To prepare for adding ARM64 and eventually ARM64EC vectorized implementations, this begins by adding a layer of architecture-specific detection macros. (This layer isn't strictly necessary, but it makes life easier because it (1) allows the control macro to shut everything down, (2) deals with how ARM64EC defines both _M_ARM64EC and _M_X64, and (3) centralizes how x64/x86 vectorization is always paired.)
Then this introduces algorithm-specific detection macros. This makes connections throughout the codebase easier to understand, because a given vectorized algorithm needs declarations of separately compiled functions (__std_meow_4), a wrapper template (_Meow_vectorized), callsites, and occasionally helper type traits (_Vector_alg_in_meow_is_safe). This will also make it significantly easier to implement algorithms one at a time for ARM64, since this PR is decomposing what was previously a monolithic mode.
The _VECTORIZED_MEOW macros are named to avoid confusion with any control macros (we usually use the _HAS_BLAH or _USE_BLAH patterns for control). They're deliberately the mirror image of the _Meow_vectorized wrappers, to further avoid confusion.
In simple cases, the macros are 1:1 with the wrapper templates. However, there are several "algorithm families" implemented in vector_algorithms.cpp, like the minmax and minmax_element families and the various find variants. I tried to introduce macros that corresponded to these algorithm families, since that's how they'll be implemented (and there would be no benefit to introducing an even finer-grained system).

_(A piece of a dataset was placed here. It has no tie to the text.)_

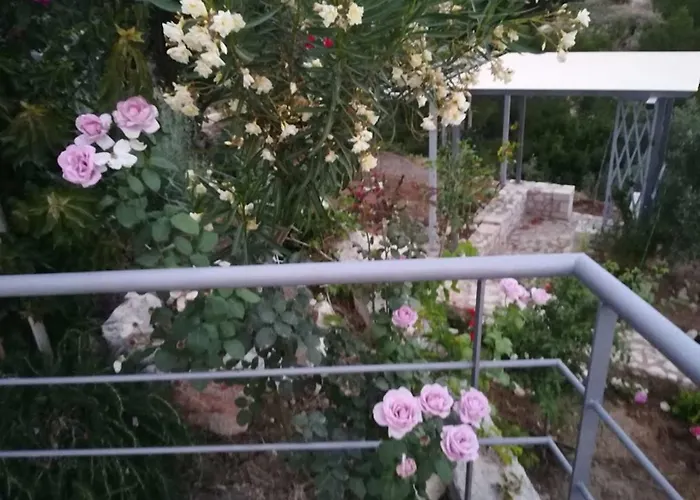 Stone House In Olive Grove *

There are a couple of places where I had to slightly adjust if constexpr logic to handle the minmax and minmax_element families potentially being variously active.
Finally, while removing the old monolithic macro, I allowed the code to expand to empty extern "C" { ... } blocks when no vectorization is active, because this is harmless and avoids cluttering up the code with even more verbosity.